Wat betreft de op te leggen maatregel overweegt het hof als volgt. De notaris heeft bij de uitvoering van haar kerntaken als veilingnotaris een aantal (technische) fouten gemaakt, die het hof als laakbaar aanmerkt. Nu het hof - anders dan de kamer - slechts tot een gedeeltelijke gegrondverklaring van klachtonderdeel 2, en tot ongegrondverklaring van klachtonderdeel 1 komt, is het hof van oordeel dat de maatregel van berisping in dit geval passend en geboden is. Daarbij neemt het hof in aanmerking dat de notaris tijdens de mondelinge behandeling in hoger beroep blijk heeft gegeven van inzicht in haar tekortkomingen in deze zaak.
Kostenveroordeling
4.17.
In verband met de wijziging van de Wna per 1 januari 2018 heeft dit hof per die datum de Tijdelijke richtlijn kostenveroordeling notaris- en gerechtsdeurwaarderskamer Gerechtshof Amsterdam (Staatscourant 2017, nr. 75085; hierna: de richtlijn) vastgesteld. De looptijd van deze richtlijn is verlengd tot in beginsel 1 januari 2021 (Staatscourant 2019, nr. 61782). Aangezien het beroepschrift voor 1 januari 2021 bij het hof is ingediend, is de richtlijn van toepassing.
4.18.
Nu het hof de klacht gedeeltelijk gegrond verklaart en de notaris tevens een maatregel oplegt, zal het hof de notaris op grond van de artikelen 103b lid 1 in verbinding met 107 lid 3 Wna en de richtlijn veroordelen in de volgende kosten in hoger beroep:
a. a) € 50 kosten van klagers;
b) € 1.000 kosten van klagers in verband met door een derde beroepsmatig verleende rechtsbijstand;
c) € 3.000 kosten van behandeling van de klacht door het hof.

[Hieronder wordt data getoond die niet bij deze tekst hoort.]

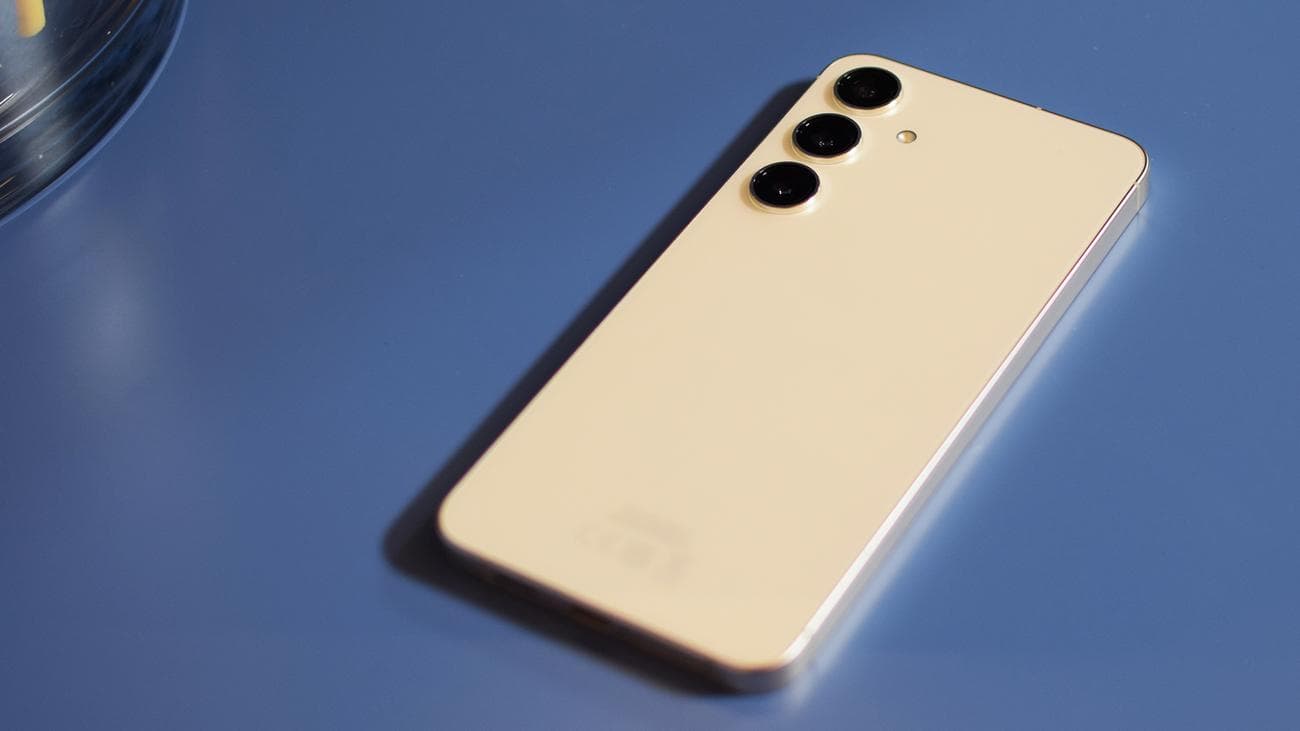 Samsung Galaxy S24 χέρια στο τραπέζι πίσω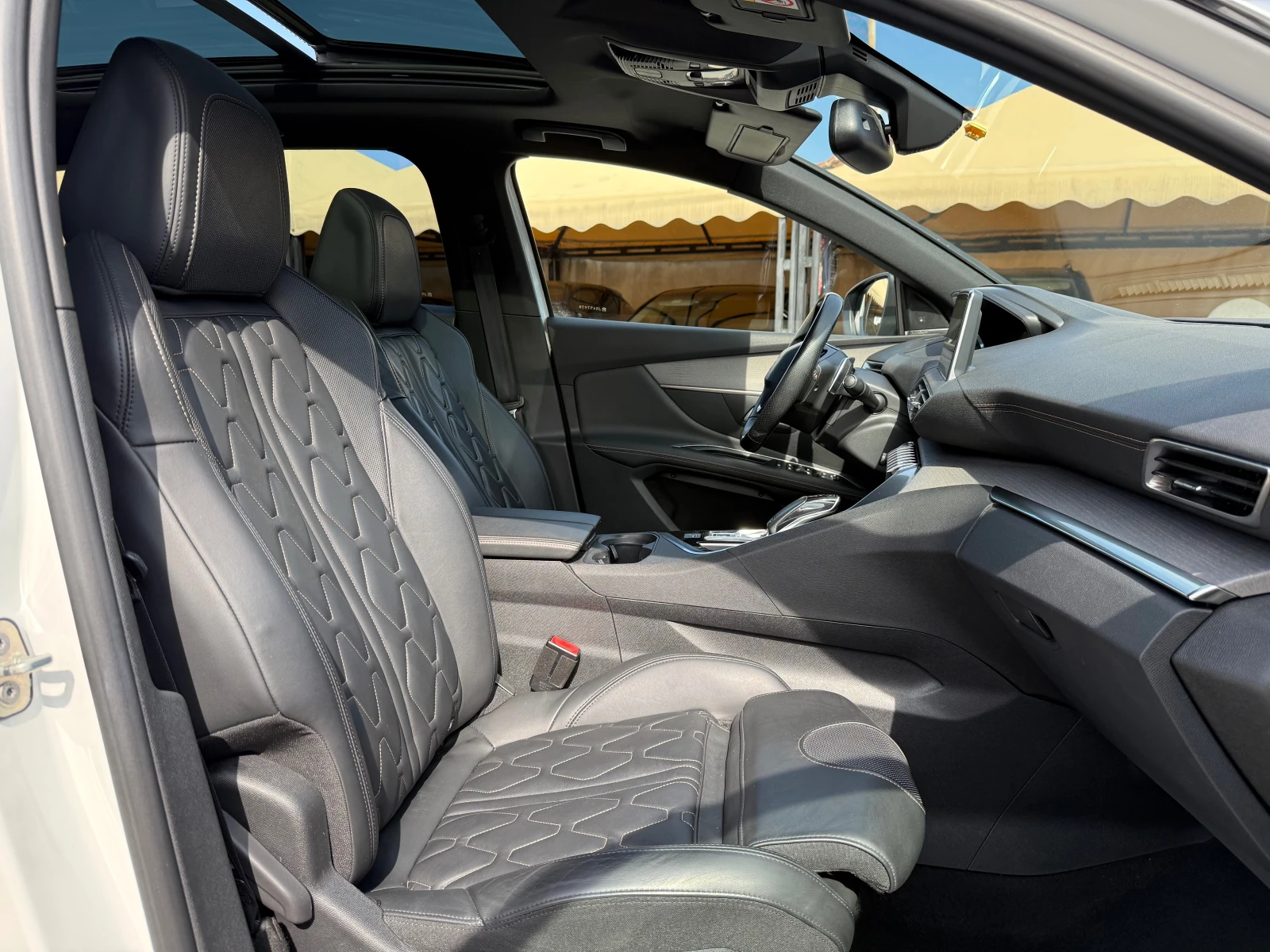 Peugeot 3008 2.0HDI-GT LINE FULL MAX !! 100% РЕАЛНИ КИЛОМЕТРИ !, снимка 14 - Автомобили и джипове - 54039174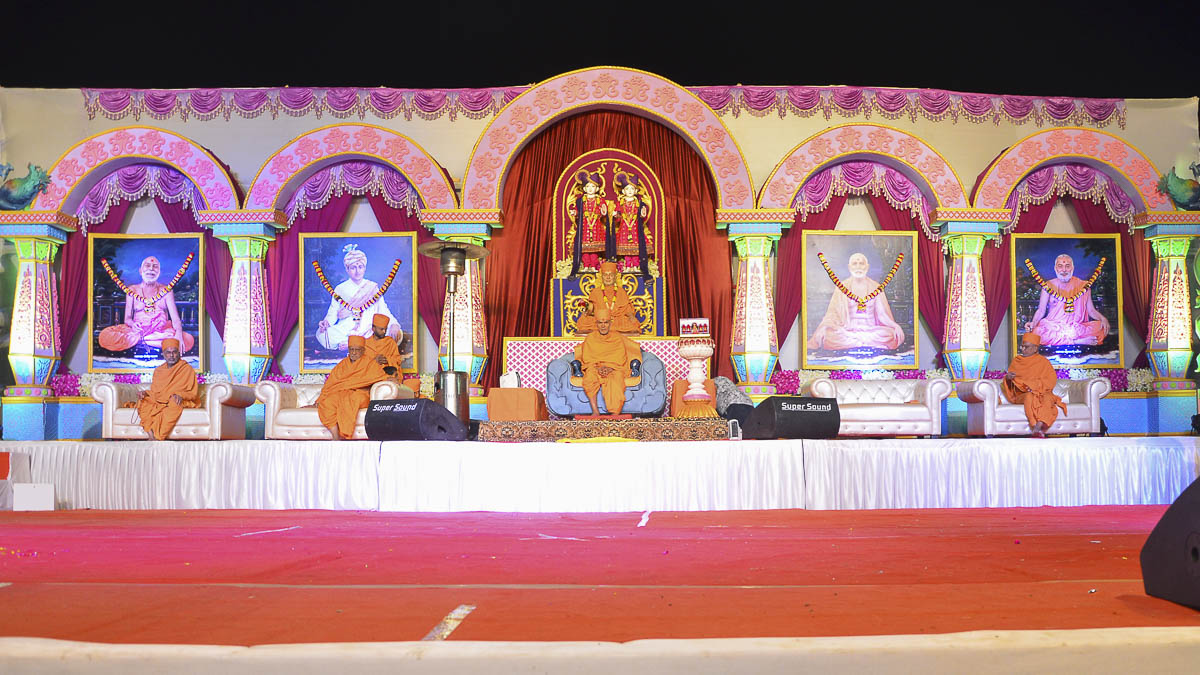 Param Pujya Mahant Swami during the evening satsang assembly, 24 Nov 2016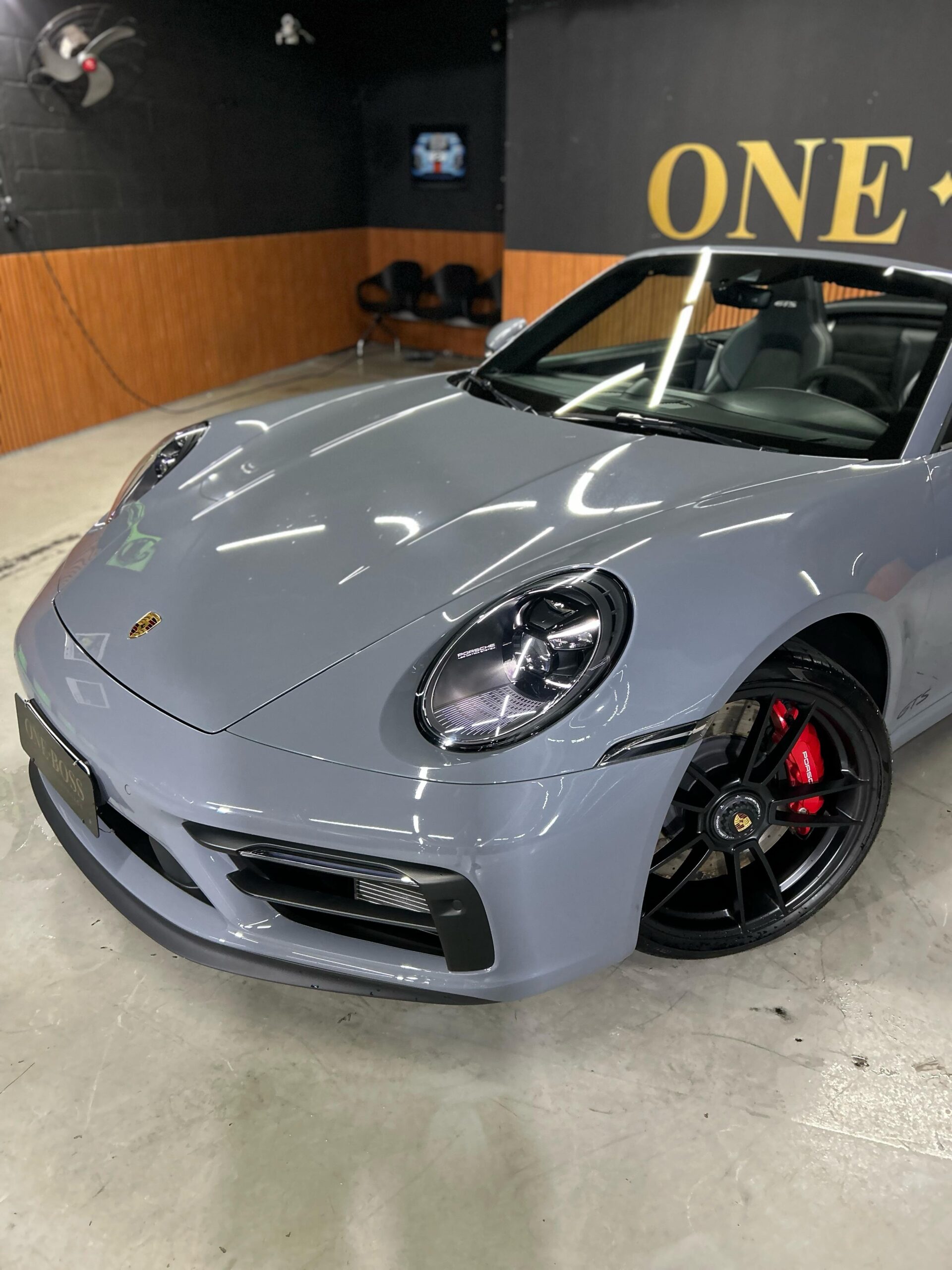 PORSCHE 911 CABRIO GTS 2023 - Imagem 30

Er zijn geen bijzondere omstandigheden gebleken die aanleiding geven tot een andere beslissing.
4.19.
De notaris dient de kosten van klagers in hoger beroep binnen vier weken na deze uitspraak aan klagers te voldoen, hetgeen kan geschieden door betaling op een daartoe door klagers aan de notaris op te geven rekeningnummer.
4.20.
De notaris dient de kosten van behandeling van de klacht in hoger beroep te voldoen aan het Landelijk Dienstencentrum voor de Rechtspraak (LDCR), waarbij de in de artikelen 103b lid 3 in verbinding met 107 lid 3 Wna bepaalde termijn en de wijze waarop de kosten moeten worden voldaan door het LDCR per brief aan de notaris zullen worden meegedeeld.

5.Beslissing

Het hof:
- vernietigt de bestreden beslissing, voor zover het betreft het eerste en het tweede klachtonderdeel alsmede de op te leggen maatregel;
en, opnieuw beslissende:
- verklaart klachtonderdeel 1 ongegrond;
- verklaart klachtonderdeel 2 gegrond, doch uitsluitend voor zover hiervoor onder 4.3 en 4.4 overwogen;
- legt de notaris de maatregel van berisping op;
- veroordeelt de notaris tot betaling aan klagers van hun kosten in hoger beroep, bestaande uit € 50 aan kosten klagers en € 1.000 aan kosten rechtsbijstand, derhalve in totaal € 1.050, binnen vier weken na heden;
- veroordeelt de notaris tot betaling van € 3.000 aan kosten van behandeling van de klacht in hoger beroep, te betalen aan het LDCR op de wijze en binnen de termijn als door het LDCR aan de notaris zal worden meegedeeld.
Deze beslissing is gegeven door mrs. A.R. Sturhoofd, A.D.R.M. Boumans en B.J.M. Gehlen en in het openbaar uitgesproken op 20 april 2021 door de rolraadsheer.